The Dell Goodwill program and Staples programs are between the two - not participating in the existing infrastructure, not limited to one day. But no "heavy lifting"... they are taking computer scrap, which Good Point makes money on, and leave the heavy obsolete TVs for the Vermont municipalities to carry.
Here's our plan. If a manufacturer wants to choose an out of state conglomerate, no problem, but please allow the existing infrastructure access to it. Samsung could have had trailerloads delivered to their vendor from Vermont, saving shipping costs. We don't insist on processing our own material. For the Goodwill program, Good Point Recycling has followed suit, offering computer recycling for free, and increasing the costs on TVs. That should, theoretically, allow us to deliver the monitors we collected for free to Goodwill. If their real interest is supporting the infrastructure to include places in VT with no Goodwill (there's only one store in VT), then they should take the computers collected for free in other places, and allow Good Point to deliver them (free delivery). So far, they will accept monitors for free only from our clients, not ones we collect free from our clients.
Meanwhile, as we pass the costs onto the TVs no one is fighting for, it increases the pressure on municipalities to back legislation, like New York's, to pass costs to OEMs. I am not a big believer in putting the Manufacturer (fox) in charge of the reuse market (henhouse). But Good Point also can't be sending the signals to municipality clients that we are deaf to the TV costs being passed down to their residents, as we compete more aggressively for the computers.
You'd think by now, Good Point or the Vermont ANR would have gotten a phone call from Panasonic, Sharp, Toshiba, Samsung, etc. An attaboy, something that says they appreciate that VT consumers and municipalties set up a viable system without them. Maybe recognition that the market they are interfering in has a value. Maybe try to work out a way to participate within it.

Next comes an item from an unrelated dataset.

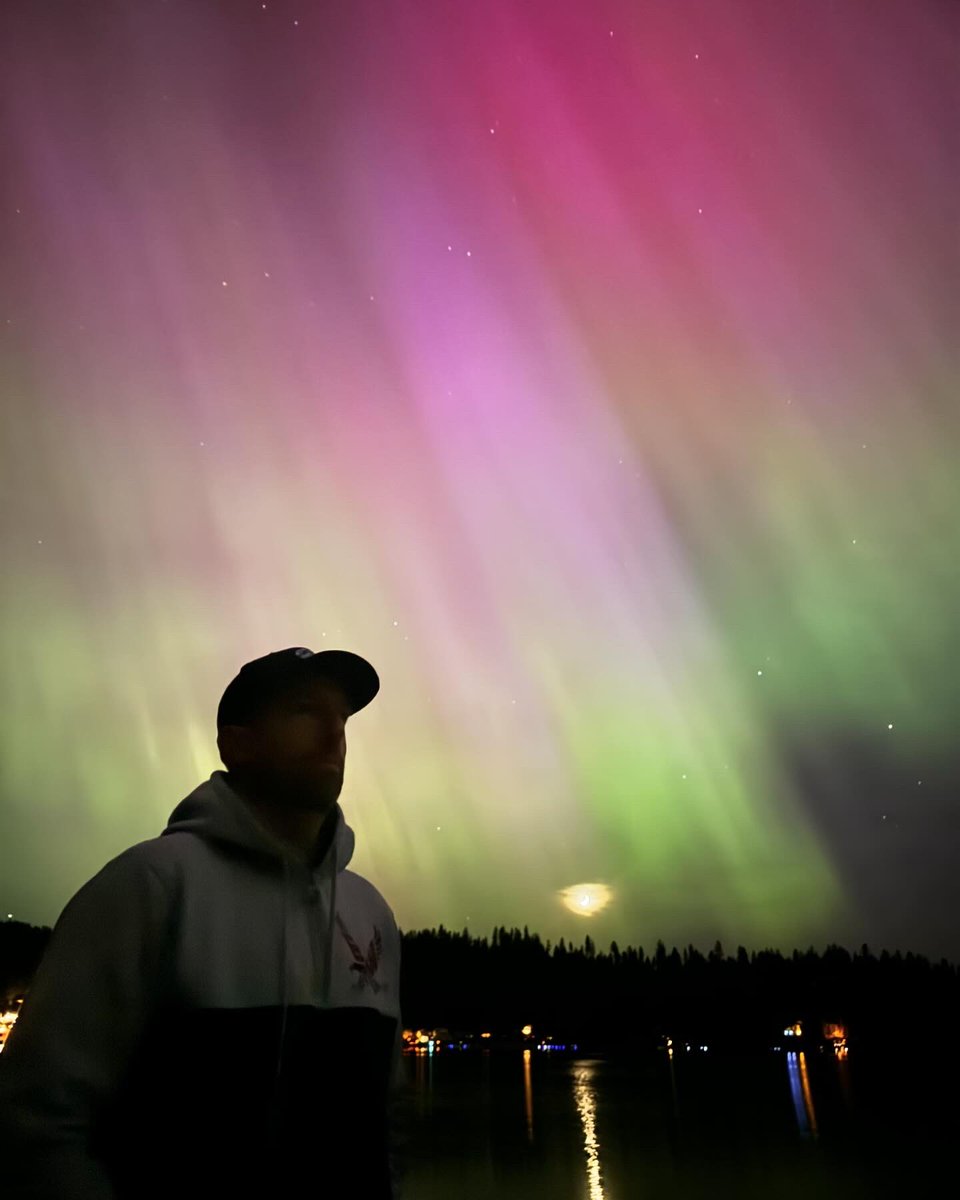 What a remarkable night - I still can’t comprehend what I just experienced.  #LoonLake #AuroraBorealis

Sony is the only manufacturer to dialogue with us. The Samsung program? Like Goodwill, their recycling conglomerate / contractor refused to allow us to deliver Samsung and other product to them, whether or not we took it for free. The national recycling company instead uses the grants to target "free" recycling directly at key Vermont Cities with long established permanent drop-off programs. If Samsung maps where their dollars are being spent, they will see them grouped up in areas where the conglomerate wishes to take over the permanent program. Nothing in Arizona, where TVs are not collected, lots spent where New England recyclers have already set up a viable "shared responsibility" system.
I hope whoever is in charge at Samsung takes a look at how the national contractor is spending their money in a land-grab, to take away tonnage from programs that were already set up without their help. How much did they spend per capita on Vermonters, vs states which have never had an e-waste collection? How many of those Vermonters already had a sustainable, long-maintained, shared responsibility program? How does use of their grant money differ from Standard Oil, offering penny-a-gallon gasoline for six months in the areas they were interested in gaining market share?
Fortunately for us? Anti-trust laws are enforced by the Vermont Attorney General's office.
Trying to keep my powder dry. There aren't really any bad guys in this story, just clumsy people who probably have not thought through the unintended consequences, or at worst don't have a lawyer telling them about the Sherman Act. If they were successful in putting Good Point Recycling out of business, do the OEMs really want me to be blogging full time? Putting us out of work is bad for legislation, bad for access to TV recycling, and bad for the planet. The guys at Sony have been participating in the municipal recycling infrastructure longer than anyone else, since the 1990s. Our shared responsibility, coupon-model, is worth a look.